TexasTravelmom, I'm counting on your experience with stick shifts to give me some confidence, lol!

jj, I have read that but reminders do not hurt at all - i will take heed!

kmkwoo, well, if I can do it, you should be able to. :) I'll try and remember to post something after I've been driving a bit and let you know how it goes. I'm there from May 3rd to the 26th.

Posted by
5678 posts

So happy someone mentioned that you do NOT go over to the right. Rather you stop at the passing place and the on coming traffic uses the space on your right, their left. You need to practice your, left, left, left mantra. I found that using stick actually helps you remember this as it's one more thing that is different. If you are shifting with your left hand it can help you with that mantra. It's surprising how quickly you do get used to it, and you do need to guard against getting cocky or you'll find yourself pulling out of a parking lot and into the right hand lane! One of the funniest things that happened to me after my first 2-week long driving trip in England and Scotland when got into my own car back in Illinois and promptly slammed my left arm into the door trying to find the shift handle!

Posted by
6776 posts

Stuart, thanks for the link to that cute little video! I love the coo and it was helpful!

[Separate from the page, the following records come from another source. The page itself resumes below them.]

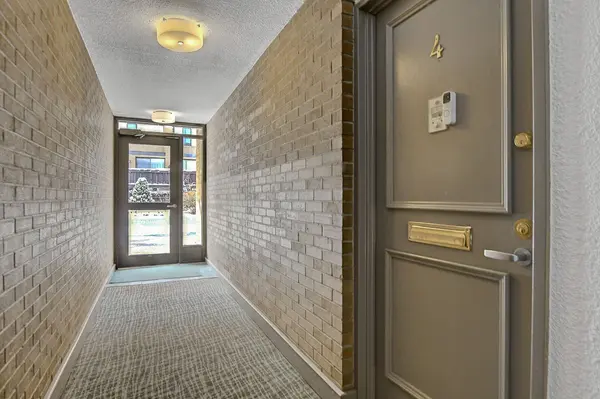 525 St Laurent BLVD #4, Manor Park - Cardinal Glen And Area, ON K1K 2Z9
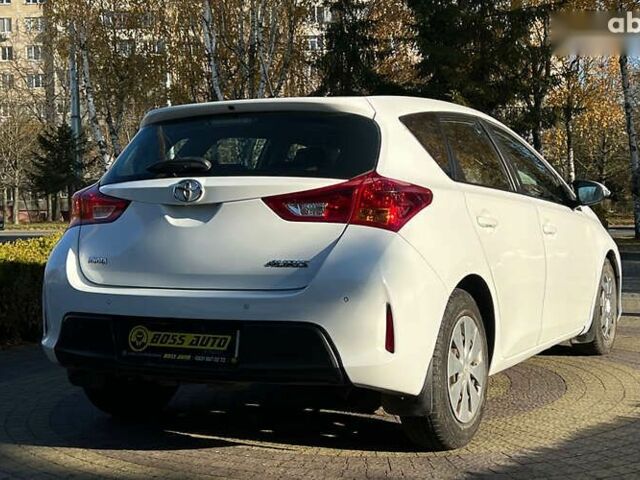 Тойота Ауріс, об'ємом двигуна 1.4 л та пробігом 103 тис. км за 9200 $, фото 6 на Automoto.ua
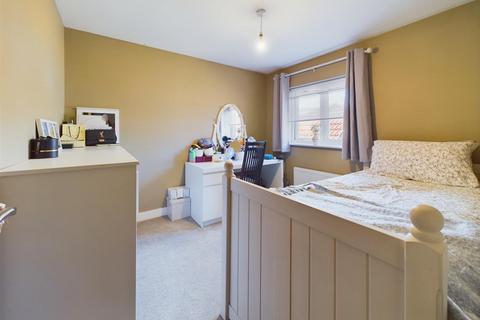 69 Fauld Drive Kingsway, Quedgeley, Gloucester, GL2 2HZ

Pamela, oh, that's funny! I spent 7-8 days back in the 90's driving through England, and was fine for the first 3-4 days. But one day I was driving through a small town and pulled over in the only parking spot available on the right hand side. I stopped to get what I wanted and when I came back and pulled out, instinct took over and I started driving on the right side of the road. I drove about 500 feet when I suddenly realized there was a car stopped on the road facing me, politely waiting for me to move over. I felt like SUCH an idiot, and immediately got over but was so impressed that the other driver was so polite. In the US, the horn would have gone off immediately, probably followed by some shouting.

Posted by
1656 posts

First time I drove in France I drove the wrong way around a roundabout in a business park in Rennes, it was 7 AM. Later in the same I did drift to the left a bit on a country road.

First time with a LHD car was in Italy, and a passenger said 'you are doing really well'. I still have not told them that I had just attempted to change gear with the window handle for about the fifth time that morning.

Posted by
6776 posts

First time with a LHD car was in Italy, and a passenger said 'you are doing really well'. I still have not told them that I had just attempted to change gear with the window handle for about the fifth time that morning.

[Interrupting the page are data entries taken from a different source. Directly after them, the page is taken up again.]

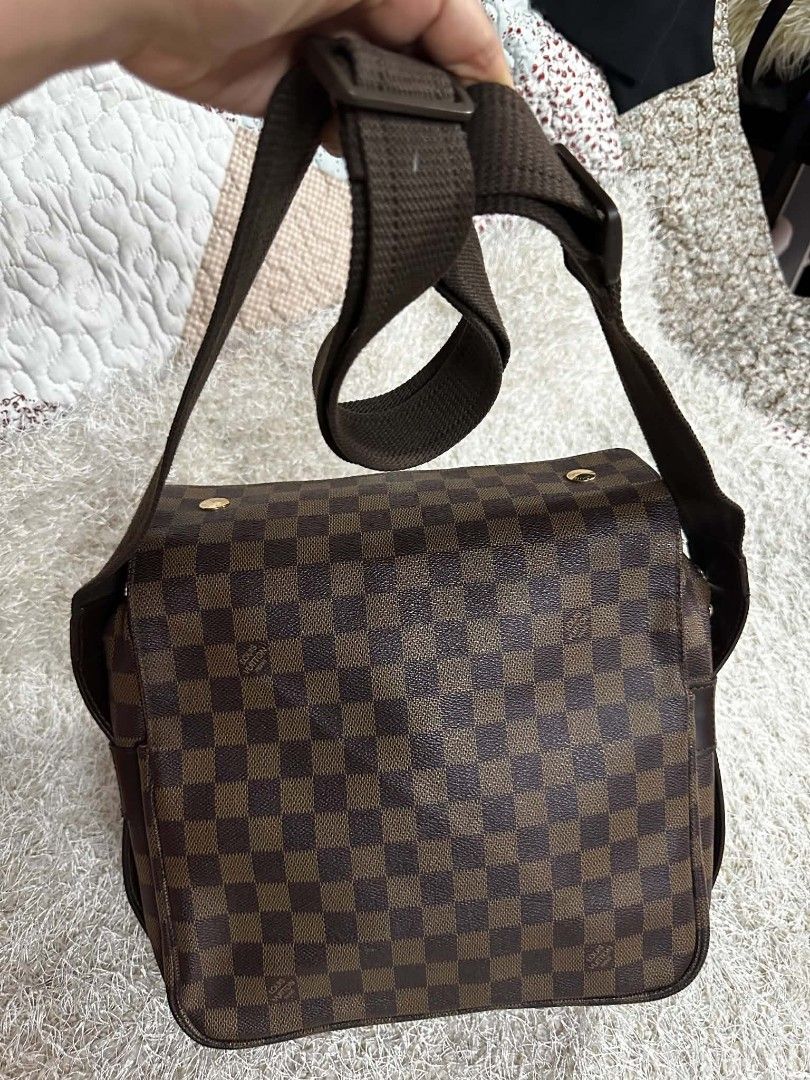 Louis Vuitton Damier ebene messenger bag (Category: Luxury Bags & Wallets) located in Angeles City. Submitted by aiscanday (Listing ID 1465928853, Image 2). Description: Japan Korea preloved source solid sa tibay sign of used.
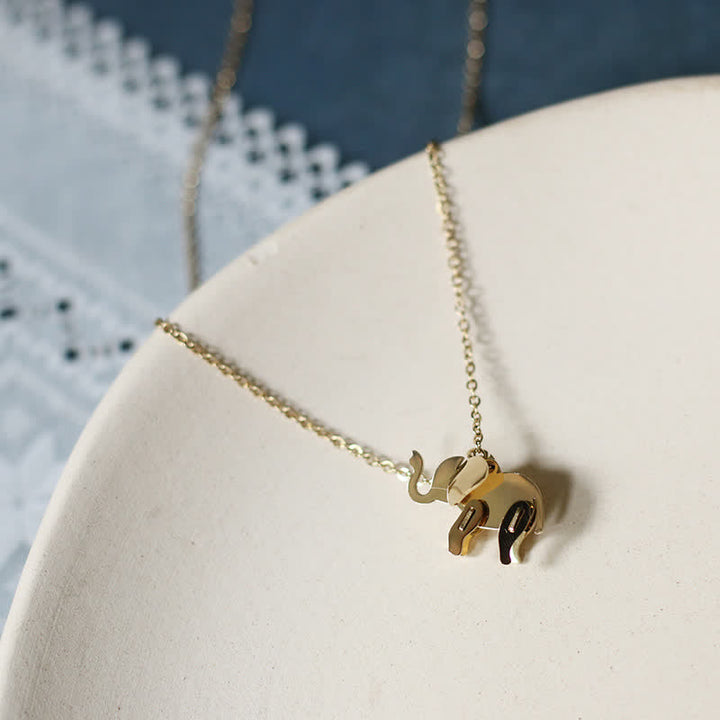 Colgante de cadena de collar de suerte de acero de titanio elefante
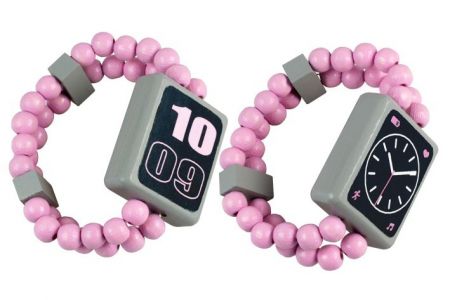 Hodinky náramkové dřevěné oboustranné růžové na kartě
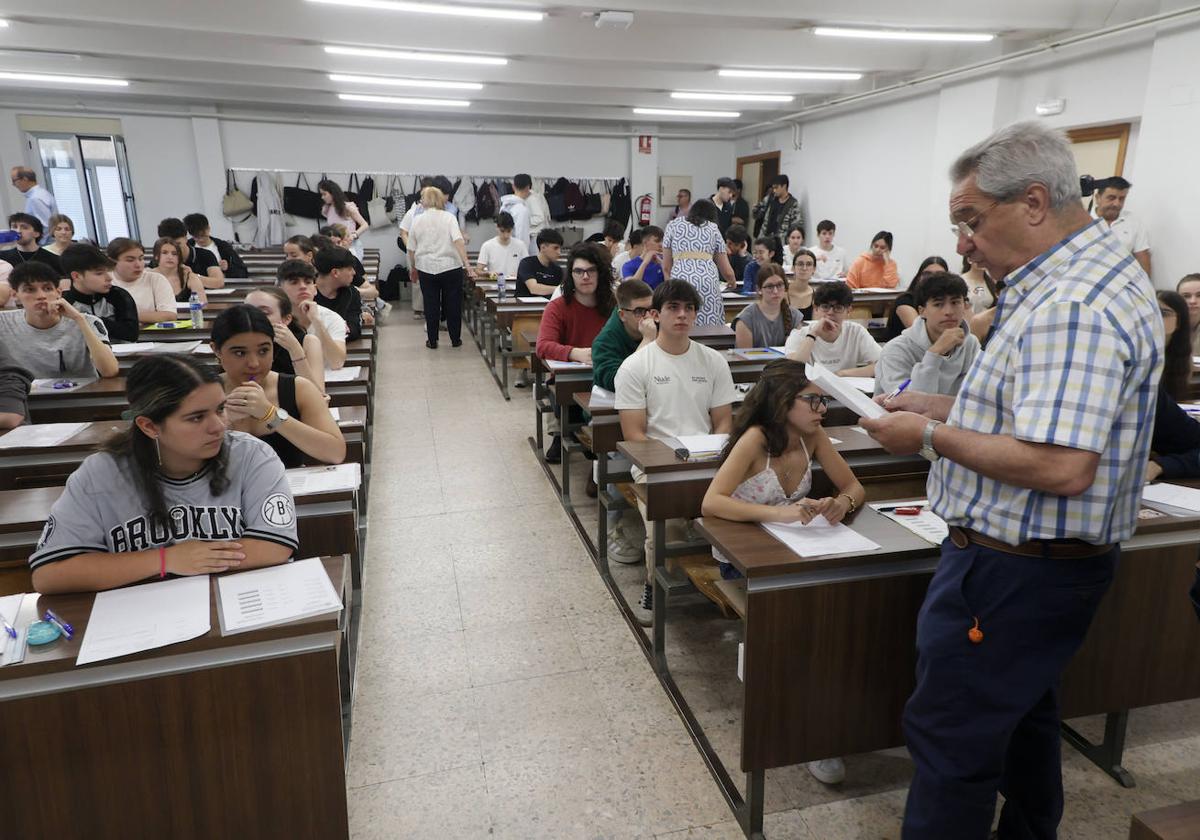 Indignación de las universidades privadas con el comentario de texto de la PAU que critica estos centros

Ha ha!! I think that one wins!!!

Posted by
33107 posts

First time with a LHD car was in Italy, and a passenger said 'you are doing really well'. I still have not told them that I had just attempted to change gear with the window handle for about the fifth time that morning.

LOVE IT!!

Posted by
66 posts

Another thing to consider, is "Wind screen". We got a really small chip in our windshield, and it cost me $200. There are lots of rocks on the roads that get kicked up. Also, they will charge you for the tire if you get a flat, unless you get their flat tire insurance. It is very cheap for both of these insurance fees and you probably won't need if but it you do it more than pays for itself.

Posted by
639 posts

After our first experience with left hand driving for three weeks, I came home having survived with no incidents. That evening at about 2am, we got "toned out" as volunteer firefighters, and as usual, given my distance from the fire station, my assignment was driving the 65,000lb water tender to the fire. I made an additional round trip to refill at a nearby lake, then drove back to the fire station to put the truck away. As I was walking back to my car, my Captain pulled up in his rig and asked why I had spent the whole evening on the wrong side of the road. Thank goodness for late hours and flashing reds lights!